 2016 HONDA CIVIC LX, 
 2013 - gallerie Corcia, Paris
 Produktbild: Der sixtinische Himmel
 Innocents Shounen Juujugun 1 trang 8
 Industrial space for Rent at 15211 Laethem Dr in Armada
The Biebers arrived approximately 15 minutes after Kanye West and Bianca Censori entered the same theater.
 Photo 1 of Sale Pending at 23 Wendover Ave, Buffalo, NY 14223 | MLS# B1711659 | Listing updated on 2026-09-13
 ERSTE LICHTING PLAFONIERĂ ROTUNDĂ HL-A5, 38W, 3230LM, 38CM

:::::

> **ABOUT THIS TASK**
Exact copies of the lines from the one holding "Produktbild: Der sixtinische Himmel" through the last line above, and only those, make up the answer.

> **WRITTEN REPLY**
 Produktbild: Der sixtinische Himmel
 Innocents Shounen Juujugun 1 trang 8
 Industrial space for Rent at 15211 Laethem Dr in Armada
The Biebers arrived approximately 15 minutes after Kanye West and Bianca Censori entered the same theater.
 Photo 1 of Sale Pending at 23 Wendover Ave, Buffalo, NY 14223 | MLS# B1711659 | Listing updated on 2026-09-13
 ERSTE LICHTING PLAFONIERĂ ROTUNDĂ HL-A5, 38W, 3230LM, 38CM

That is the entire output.